Two years ago, the Clemson defense was mocked, and Vic Beasley was quiet. He had work to do, playing time to earn.
A year ago, the defense was ignored, and Beasley was quiet. He had a job to win, a reputation to build.
Now, the Tigers' defense is the centerpiece, the foundation for a new-look Clemson team built around a dominant pass rush led by a consensus All-American who's let his play do all the talking. And once again, Beasley is laying low.
"That's just who he is," said head coach Dabo Swinney, "and I don't think he changes his stripes."
There's been a fundamental shift in the perceptions surrounding Clemson this year, as the offense looks to reload after the departures of Tajh Boyd and Sammy Watkins, and the defense is poised to dominate just two seasons after an epic Orange Bowl disaster that had defined the unit's image ever since.

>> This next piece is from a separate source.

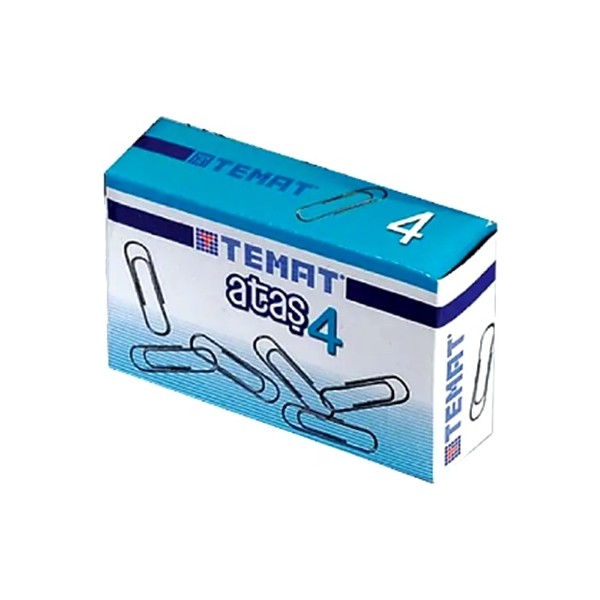 Temat Ataş No:4 Ataç - 3 Kutu - Gri Ataş Fiyatı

But if perceptions have changed, Beasley's approach hasn't. He's quiet, contemplative, focused -- still out to prove something no matter how full the bandwagon has become.
"Last year, we had a big chip on our shoulder. The year before, we had a chip on our shoulder," Beasley said. "We're looking to do the same thing this year."
All Beasley did last season was lead the conference in sacks (13), finish fourth in the nation in tackles for loss (23) and help Clemson's defense become the country's most disruptive by a wide margin, recording a total of 123 tackles behind the line of scrimmage -- 12 more than any other school.
So, yes, the haters have largely disappeared, but Beasley is still out to prove something, to leave a legacy that can't be diminished by even the most ardent critic.
"I feel like there's no reason we shouldn't be the top defense in the country," Beasley said. "I feel like I could [be a Heisman contender], but my goal for this year is to win a national championship."
It's some bawdy talk from a guy who doesn't do much talking at all, but whether Beasley wants to embrace this bold new era or not, the truth is, the spotlight is on him now.
"He's tried to be more of a vocal leader," Swinney said. "Vic leads by example, but when he does say something, people are going to listen."
The luxury for Beasley -- both on and off the field -- is that he's not alone, Swinney said.
Sure, it's Beasley getting the bulk of the All-America hype after he chose to return for his senior season, but the Tigers' defense is loaded with seniors, and the likes of Stephone Anthony and Grady Jarrett don't mind doing the bulk of the talking.
In fact, that's the real difference this year, Swinney said. It's not so much that the highest-profile stars are on the opposite side of the ball, but rather that it doesn't always have to be the stars doing all the talking.
"We had a couple very strong personalities and flashy guys [last year]," Swinney said. "But this is more of a business-as-usual, blue-collar bunch of guys that respect each other."
They'll help supplement Beasley on the field, too, and that's good because the All-American defensive end figures to get plenty of respect -- and attention -- from opposing linemen this year.
And that means Beasley doesn't need to do much talking. He just needs to do what he's always done. He needs to show up, do his job, and leave his mark.
"He's a handful, that's for sure, but he opens other things up for the those other guys," Swinney said. "All he's got to do is go play and do his job."